Following the most recent hot-fire test on July 25, the latest controller was rotated onto the test engine to begin final preparations for the test.

Each RS-25 engine has a dedicated, self-redundant controller unit that controls its operation, monitors its health, and communicates with the launch vehicle flight computers.

Honeywell is building these new, modern units at their Clearwater, Florida, facility and as each of the flight model controllers are completed they are transported to Stennis, installed on an engine in the test stand, and hot-fired in an acceptance test (or “green run”).

Philip Benefield, Systems and Requirements Team Lead for the SLS Liquid Engines Office, said in an email that Wednesday’s test will green run the FM6 controller.

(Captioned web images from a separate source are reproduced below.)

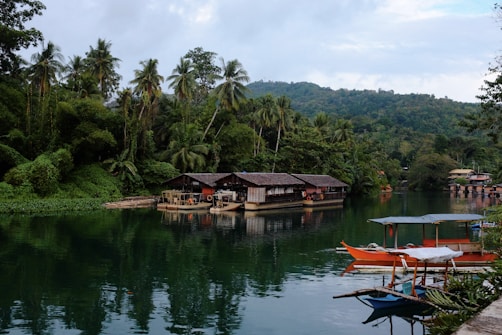 Scenic river with boats and lush greenery surrounds.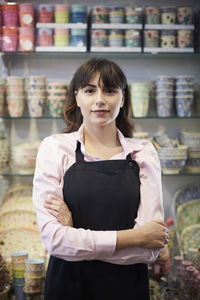 Portrait of confident female owner standing with arms crossed against multi colored crockery at store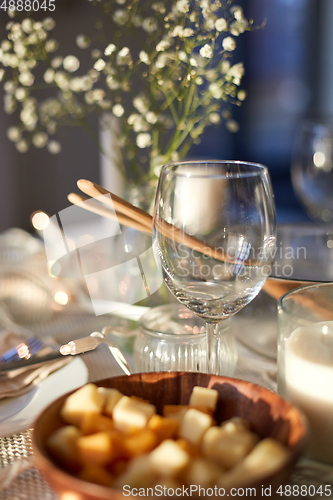 Image of wine glass on served dinner party table at home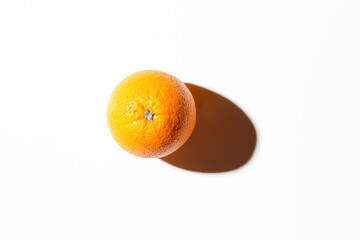 Fresh juicy orange on a white background with a hard shadow. Top view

This is the fifth unit to be completed and the fourth to be hot-fired.

The FM2, FM3, and FM5 ECUs were green run on E0528 during the three most recent hot-fire tests on E0528 in March, May, and July, respectively.

As was the case for the tests of the other flight units, Wednesday’s test was planned to be a 500-second flight-duration firing, which is the approximate operating time of the RS-25 engines for SLS launches.  The first flight model unit (FM1) is being used for lab testing only.

As with the last test in July, the test team at Stennis was again using the more typical event-driven approach.  When all of the prerequisite steps prior to ignition are complete and the hardware and the people are ready, the test will start.  “Assuming normal operations, [the] test will occur around 3 p.m.,” Benefield wrote.  A 3 pm local or Central time start would be 2000 UTC. The ignition was timed at two minutes past the opening of the window.

Benefield said during the test that the engine will be throttled at thrust levels from 80 percent of rated power level (RPL) “up to and including” 109 percent.  “[The] majority of the test will be spent at 109% RPL, 280 seconds,” he wrote.  “35 seconds will be spent at 100% RPL, and 97 seconds will be spent at 80% RPL.”

Originally developed in the 1970s for the Space Shuttle Program when it was known as the Space Shuttle Main Engine (SSME), RS-25 hot-fire testing began at Stennis in January, 2015, to demonstrate and certify engine operation at the higher performance levels for SLS.

SLS is both physically longer and at times will accelerate faster during launch than Shuttle did, requiring different starting and running inlet conditions for the engines through powered flight.

Four engines will fly in the SLS Core Stage, burning cryogenic liquid hydrogen (LH2) and liquid oxygen (LOX) fed to them from the stage’s propellant tanks.  The engines will run at higher pressures and higher thrust than on Shuttle, and the propellant is also fed to them at colder temperatures.

A new engine control system, including a new engine controller, is also being certified to fly with the SLS vehicle; this latest green run test of the flight model ECU also continues to accumulate the required data for certification.

Each test is designed to meet several test objectives, and although it is primarily an ECU green run, the test will also continue verification of SLS program requirements for the engines.  During the test series, engines have been tested to demonstrate that they can start satisfactorily in a range of temperature and pressure conditions at its inlet.  In the case of Wednesday’s test, Benefield wrote that “this will be a test at nominal propellant start conditions.”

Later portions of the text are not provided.